I am trying to implement an FIR filter in Verilog. I have predetermined the coefficients in MATLAB. But I am not sure whether the registers will propagate properly with this code.
module fir_filter(
input clock,
input reset,
input wire[15:0] input_sample,
output reg[15:0] output_sample);
parameter N = 13;
reg signed[15:0] coeffs[12:0];
reg [15:0] holderBefore[12:0];
wire [15:0] toAdd[12:0];
always @(*)
begin
coeffs[0]=6375;
coeffs[1]=1;
coeffs[2]=-3656;
coeffs[3]=3;
coeffs[4]=4171;
coeffs[5]=4;
coeffs[6]=28404;
coeffs[7]=4;
coeffs[8]=4171;
coeffs[9]=3;
coeffs[10]=-3656;
coeffs[11]=1;
coeffs[12]=6375;
end
genvar i;
generate
for (i=0; i<N; i=i+1)
begin: mult
multiplier mult1(
.dataa(coeffs[i]),
.datab(holderBefore[i]),
.result(toAdd[i]));
end
endgenerate
always @(posedge clock or posedge reset)
begin
if(reset)
begin
holderBefore[12] <= 0;
holderBefore[11] <= 0;
holderBefore[10] <= 0;
holderBefore[9] <= 0;
holderBefore[8] <= 0;
holderBefore[7] <= 0;
holderBefore[6] <= 0;
holderBefore[5] <= 0;
holderBefore[4] <= 0;
holderBefore[3] <= 0;
holderBefore[2] <= 0;
holderBefore[1] <= 0;
holderBefore[0] <= 0;
output_sample <= 0;
end
else
begin
holderBefore[12] <= holderBefore[11];
holderBefore[11] <= holderBefore[10];
holderBefore[10] <= holderBefore[9];
holderBefore[9] <= holderBefore[8];
holderBefore[8] <= holderBefore[7];
holderBefore[7] <= holderBefore[6];
holderBefore[6] <= holderBefore[5];
holderBefore[5] <= holderBefore[4];
holderBefore[4] <= holderBefore[3];
holderBefore[3] <= holderBefore[2];
holderBefore[2] <= holderBefore[1];
holderBefore[1] <= holderBefore[0];
holderBefore[0] <= input_sample;
output_sample <= (input_sample + toAdd[0] + toAdd[1] +
toAdd[2] + toAdd[3] + toAdd[4] + toAdd[5] +
toAdd[6] + toAdd[7] + toAdd[8] + toAdd[9] +
toAdd[10] + toAdd[11] + toAdd[12]);
end
end
endmodule
Is this the best way to implement this? is there a better way to do the addition?

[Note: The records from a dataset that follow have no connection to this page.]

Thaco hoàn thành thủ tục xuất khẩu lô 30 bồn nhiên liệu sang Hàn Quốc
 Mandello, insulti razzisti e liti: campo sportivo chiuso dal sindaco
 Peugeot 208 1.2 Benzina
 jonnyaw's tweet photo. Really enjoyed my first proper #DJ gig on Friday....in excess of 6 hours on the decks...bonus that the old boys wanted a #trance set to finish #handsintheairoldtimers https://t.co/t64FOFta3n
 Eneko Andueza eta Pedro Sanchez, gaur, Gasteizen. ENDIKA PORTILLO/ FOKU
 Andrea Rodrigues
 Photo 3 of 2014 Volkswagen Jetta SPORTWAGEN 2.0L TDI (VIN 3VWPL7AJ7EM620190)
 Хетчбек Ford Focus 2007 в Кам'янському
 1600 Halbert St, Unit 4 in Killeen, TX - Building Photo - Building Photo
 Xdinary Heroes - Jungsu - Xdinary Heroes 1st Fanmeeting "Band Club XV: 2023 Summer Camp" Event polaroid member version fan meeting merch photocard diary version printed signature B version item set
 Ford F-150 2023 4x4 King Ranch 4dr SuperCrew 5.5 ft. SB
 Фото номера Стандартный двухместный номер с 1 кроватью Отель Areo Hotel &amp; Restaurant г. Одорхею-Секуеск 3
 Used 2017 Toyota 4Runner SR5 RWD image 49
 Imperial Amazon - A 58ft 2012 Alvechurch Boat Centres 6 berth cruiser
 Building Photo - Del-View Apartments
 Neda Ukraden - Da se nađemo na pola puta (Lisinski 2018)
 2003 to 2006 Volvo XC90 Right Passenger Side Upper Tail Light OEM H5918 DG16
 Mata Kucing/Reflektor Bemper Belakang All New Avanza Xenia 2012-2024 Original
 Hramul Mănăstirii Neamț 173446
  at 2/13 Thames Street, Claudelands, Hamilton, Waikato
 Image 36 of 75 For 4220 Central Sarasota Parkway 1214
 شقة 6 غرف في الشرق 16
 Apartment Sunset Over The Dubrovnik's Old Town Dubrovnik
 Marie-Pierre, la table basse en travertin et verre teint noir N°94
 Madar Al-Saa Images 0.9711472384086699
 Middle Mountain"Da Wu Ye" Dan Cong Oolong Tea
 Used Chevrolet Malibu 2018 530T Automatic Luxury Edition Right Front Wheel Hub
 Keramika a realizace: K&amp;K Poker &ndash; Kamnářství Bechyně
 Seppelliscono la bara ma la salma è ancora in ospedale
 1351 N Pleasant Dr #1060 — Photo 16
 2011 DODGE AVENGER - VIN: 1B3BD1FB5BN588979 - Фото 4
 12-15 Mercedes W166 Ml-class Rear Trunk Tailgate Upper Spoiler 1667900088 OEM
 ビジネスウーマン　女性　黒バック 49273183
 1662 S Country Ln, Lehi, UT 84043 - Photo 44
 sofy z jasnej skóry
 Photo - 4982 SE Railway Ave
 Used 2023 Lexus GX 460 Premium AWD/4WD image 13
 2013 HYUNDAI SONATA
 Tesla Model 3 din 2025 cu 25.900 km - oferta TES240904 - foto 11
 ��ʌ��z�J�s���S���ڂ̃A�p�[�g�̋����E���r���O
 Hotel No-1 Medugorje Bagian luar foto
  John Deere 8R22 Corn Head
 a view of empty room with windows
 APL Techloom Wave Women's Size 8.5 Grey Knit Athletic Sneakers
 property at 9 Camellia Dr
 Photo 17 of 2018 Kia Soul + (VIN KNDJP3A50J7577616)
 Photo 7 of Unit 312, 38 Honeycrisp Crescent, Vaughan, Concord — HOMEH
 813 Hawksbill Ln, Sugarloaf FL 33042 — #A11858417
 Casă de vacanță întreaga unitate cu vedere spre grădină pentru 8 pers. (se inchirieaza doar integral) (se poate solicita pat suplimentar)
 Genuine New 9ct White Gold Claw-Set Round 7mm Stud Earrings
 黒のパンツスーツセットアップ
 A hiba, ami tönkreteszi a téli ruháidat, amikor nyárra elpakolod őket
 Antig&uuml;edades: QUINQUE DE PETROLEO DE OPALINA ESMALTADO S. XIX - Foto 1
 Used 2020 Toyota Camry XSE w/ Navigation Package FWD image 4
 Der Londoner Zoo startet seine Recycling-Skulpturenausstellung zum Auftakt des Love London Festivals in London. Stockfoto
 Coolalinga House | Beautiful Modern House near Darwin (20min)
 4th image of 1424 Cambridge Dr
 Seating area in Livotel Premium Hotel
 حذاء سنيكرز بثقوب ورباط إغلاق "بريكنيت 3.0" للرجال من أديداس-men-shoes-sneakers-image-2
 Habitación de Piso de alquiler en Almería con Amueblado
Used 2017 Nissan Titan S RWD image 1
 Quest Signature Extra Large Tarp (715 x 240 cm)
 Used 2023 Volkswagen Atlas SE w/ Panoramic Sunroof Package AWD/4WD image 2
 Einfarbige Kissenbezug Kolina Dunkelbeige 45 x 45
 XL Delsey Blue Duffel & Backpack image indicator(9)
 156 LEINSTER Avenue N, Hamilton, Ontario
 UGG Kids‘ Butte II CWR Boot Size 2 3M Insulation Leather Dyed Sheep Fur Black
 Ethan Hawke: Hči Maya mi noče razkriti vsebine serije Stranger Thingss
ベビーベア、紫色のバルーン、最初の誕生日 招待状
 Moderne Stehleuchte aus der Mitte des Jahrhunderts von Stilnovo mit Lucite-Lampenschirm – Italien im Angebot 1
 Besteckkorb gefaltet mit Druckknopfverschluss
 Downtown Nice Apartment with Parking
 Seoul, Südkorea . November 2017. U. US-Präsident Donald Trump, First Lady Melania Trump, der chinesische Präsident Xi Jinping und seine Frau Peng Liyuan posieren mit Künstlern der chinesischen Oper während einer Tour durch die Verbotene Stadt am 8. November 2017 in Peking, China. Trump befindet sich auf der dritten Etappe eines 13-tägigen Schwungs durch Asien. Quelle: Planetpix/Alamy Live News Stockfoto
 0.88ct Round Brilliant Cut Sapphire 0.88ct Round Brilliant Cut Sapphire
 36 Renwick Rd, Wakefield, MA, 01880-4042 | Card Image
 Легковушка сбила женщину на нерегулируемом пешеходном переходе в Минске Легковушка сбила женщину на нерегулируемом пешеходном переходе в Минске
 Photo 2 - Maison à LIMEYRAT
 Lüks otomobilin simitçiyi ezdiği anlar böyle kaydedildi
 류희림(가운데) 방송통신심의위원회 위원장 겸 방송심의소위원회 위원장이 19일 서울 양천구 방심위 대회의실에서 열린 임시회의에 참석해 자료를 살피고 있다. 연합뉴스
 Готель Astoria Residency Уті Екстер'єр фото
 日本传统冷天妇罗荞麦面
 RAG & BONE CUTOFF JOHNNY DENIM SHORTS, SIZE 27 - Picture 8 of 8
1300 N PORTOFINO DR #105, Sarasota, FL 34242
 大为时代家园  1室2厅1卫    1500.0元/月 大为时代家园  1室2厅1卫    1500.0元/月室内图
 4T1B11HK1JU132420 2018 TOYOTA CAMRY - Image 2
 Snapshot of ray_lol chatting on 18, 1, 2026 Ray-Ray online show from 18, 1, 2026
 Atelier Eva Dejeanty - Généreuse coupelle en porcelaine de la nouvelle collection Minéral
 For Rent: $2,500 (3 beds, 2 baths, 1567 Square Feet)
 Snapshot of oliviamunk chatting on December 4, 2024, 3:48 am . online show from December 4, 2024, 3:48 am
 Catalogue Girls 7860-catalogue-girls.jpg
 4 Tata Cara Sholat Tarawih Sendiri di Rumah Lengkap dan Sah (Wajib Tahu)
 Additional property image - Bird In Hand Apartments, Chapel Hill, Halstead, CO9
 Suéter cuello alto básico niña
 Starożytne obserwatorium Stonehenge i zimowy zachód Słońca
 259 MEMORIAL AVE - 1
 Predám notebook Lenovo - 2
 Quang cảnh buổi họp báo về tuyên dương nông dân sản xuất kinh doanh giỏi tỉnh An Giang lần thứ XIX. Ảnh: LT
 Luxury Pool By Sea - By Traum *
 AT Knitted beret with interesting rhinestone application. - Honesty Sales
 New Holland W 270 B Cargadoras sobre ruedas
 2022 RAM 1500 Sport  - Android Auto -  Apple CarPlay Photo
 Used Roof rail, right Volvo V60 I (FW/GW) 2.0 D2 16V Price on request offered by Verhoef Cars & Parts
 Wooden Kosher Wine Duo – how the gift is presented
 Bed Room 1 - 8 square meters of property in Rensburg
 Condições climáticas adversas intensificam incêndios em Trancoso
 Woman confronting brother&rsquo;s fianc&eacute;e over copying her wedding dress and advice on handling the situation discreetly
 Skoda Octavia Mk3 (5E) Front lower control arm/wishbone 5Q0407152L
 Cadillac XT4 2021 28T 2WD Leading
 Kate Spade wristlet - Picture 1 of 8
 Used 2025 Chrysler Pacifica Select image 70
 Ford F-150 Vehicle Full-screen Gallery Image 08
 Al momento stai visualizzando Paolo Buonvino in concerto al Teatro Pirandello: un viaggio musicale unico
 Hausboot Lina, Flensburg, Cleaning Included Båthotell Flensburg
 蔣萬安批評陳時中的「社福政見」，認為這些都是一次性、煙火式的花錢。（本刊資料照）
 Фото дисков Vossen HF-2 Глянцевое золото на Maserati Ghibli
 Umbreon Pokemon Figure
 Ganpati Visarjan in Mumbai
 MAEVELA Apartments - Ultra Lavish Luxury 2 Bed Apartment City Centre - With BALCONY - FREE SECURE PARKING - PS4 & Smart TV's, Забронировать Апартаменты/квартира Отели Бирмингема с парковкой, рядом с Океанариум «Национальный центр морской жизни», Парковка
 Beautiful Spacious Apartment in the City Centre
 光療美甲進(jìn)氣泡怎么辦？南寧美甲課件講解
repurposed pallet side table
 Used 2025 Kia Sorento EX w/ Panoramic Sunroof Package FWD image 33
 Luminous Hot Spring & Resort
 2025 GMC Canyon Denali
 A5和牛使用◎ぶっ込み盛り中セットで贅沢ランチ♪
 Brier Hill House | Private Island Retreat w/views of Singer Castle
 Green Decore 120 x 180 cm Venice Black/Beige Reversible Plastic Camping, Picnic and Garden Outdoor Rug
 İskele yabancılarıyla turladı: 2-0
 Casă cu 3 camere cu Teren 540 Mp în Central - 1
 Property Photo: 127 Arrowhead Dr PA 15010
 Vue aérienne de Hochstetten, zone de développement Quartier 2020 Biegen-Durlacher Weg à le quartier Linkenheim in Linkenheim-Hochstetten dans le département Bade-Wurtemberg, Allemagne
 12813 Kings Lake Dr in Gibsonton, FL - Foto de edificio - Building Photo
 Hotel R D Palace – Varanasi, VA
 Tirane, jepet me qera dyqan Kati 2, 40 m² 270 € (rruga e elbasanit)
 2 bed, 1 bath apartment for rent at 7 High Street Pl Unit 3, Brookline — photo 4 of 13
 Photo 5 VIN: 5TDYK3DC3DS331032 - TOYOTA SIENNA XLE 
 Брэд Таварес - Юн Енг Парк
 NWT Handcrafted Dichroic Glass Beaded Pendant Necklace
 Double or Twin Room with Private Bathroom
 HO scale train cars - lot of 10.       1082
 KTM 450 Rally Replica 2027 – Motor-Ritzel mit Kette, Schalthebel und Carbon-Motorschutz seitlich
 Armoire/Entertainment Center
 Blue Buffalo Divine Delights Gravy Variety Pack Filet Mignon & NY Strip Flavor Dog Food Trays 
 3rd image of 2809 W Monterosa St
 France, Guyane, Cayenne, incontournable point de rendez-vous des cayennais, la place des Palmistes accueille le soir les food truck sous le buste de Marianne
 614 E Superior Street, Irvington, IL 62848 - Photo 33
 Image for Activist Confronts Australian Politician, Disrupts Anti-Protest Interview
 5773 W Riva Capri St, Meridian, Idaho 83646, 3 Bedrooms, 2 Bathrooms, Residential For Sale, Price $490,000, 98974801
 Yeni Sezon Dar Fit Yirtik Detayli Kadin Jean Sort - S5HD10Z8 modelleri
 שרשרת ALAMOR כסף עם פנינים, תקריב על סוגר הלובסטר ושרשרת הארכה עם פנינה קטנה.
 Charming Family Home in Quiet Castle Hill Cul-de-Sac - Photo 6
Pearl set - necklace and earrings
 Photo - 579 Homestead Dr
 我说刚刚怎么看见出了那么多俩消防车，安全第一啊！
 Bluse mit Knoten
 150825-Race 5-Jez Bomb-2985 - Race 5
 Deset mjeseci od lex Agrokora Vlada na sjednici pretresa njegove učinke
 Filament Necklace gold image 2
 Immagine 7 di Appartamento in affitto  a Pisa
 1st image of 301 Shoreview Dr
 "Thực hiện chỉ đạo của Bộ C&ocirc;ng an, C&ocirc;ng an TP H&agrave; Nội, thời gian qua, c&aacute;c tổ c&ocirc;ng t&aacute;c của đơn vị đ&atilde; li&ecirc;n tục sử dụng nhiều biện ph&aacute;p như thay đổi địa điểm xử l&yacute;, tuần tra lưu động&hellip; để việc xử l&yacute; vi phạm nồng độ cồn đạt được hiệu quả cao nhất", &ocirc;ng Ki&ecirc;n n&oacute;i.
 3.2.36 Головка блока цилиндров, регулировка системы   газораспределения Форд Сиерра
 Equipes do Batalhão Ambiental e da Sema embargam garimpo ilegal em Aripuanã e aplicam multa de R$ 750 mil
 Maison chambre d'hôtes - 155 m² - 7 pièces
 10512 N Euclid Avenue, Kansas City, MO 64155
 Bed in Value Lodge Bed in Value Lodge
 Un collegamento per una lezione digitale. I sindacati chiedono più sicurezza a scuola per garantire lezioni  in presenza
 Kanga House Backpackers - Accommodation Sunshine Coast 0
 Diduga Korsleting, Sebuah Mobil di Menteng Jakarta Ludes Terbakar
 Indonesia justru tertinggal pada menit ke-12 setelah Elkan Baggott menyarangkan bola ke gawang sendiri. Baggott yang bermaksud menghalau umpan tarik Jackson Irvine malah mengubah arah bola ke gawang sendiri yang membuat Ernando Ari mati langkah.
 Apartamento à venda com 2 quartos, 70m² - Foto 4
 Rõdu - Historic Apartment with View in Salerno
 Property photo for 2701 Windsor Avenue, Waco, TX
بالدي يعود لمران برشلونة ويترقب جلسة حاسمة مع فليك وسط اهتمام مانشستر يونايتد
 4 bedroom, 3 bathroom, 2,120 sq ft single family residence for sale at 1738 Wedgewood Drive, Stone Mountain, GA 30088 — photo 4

Any help is greatly appreciated!
Also resources that would help are also greatly appreciated.
Best Answer
Area and power efficient FIR/IIR filters are the holy grail for some.
Using generate statements you have instantiated 13 multipliers. Multipliers take up quite a lot of area. It is common to only instantiate one and time multiplex it (TDM). In this case supply a clock (tick) 13 times faster than the required output rate.
Your adder chain while looking valid again is going to be very big and could lead to timing problems as there could be very long ripple chains. Breaking this down over multiple cycles might result in lower area and power.
If you combine the multiplication of a sample with the addition you will have a more typical MAC architecture (Multiply Accumulate).
I would also avoid initialising constants in an
always @*
as no right hand sides of arguments change this may not trigger the sensitivity list.For these I would use
localparams
, or if going down the TDM route I would create a Look up table (LUT).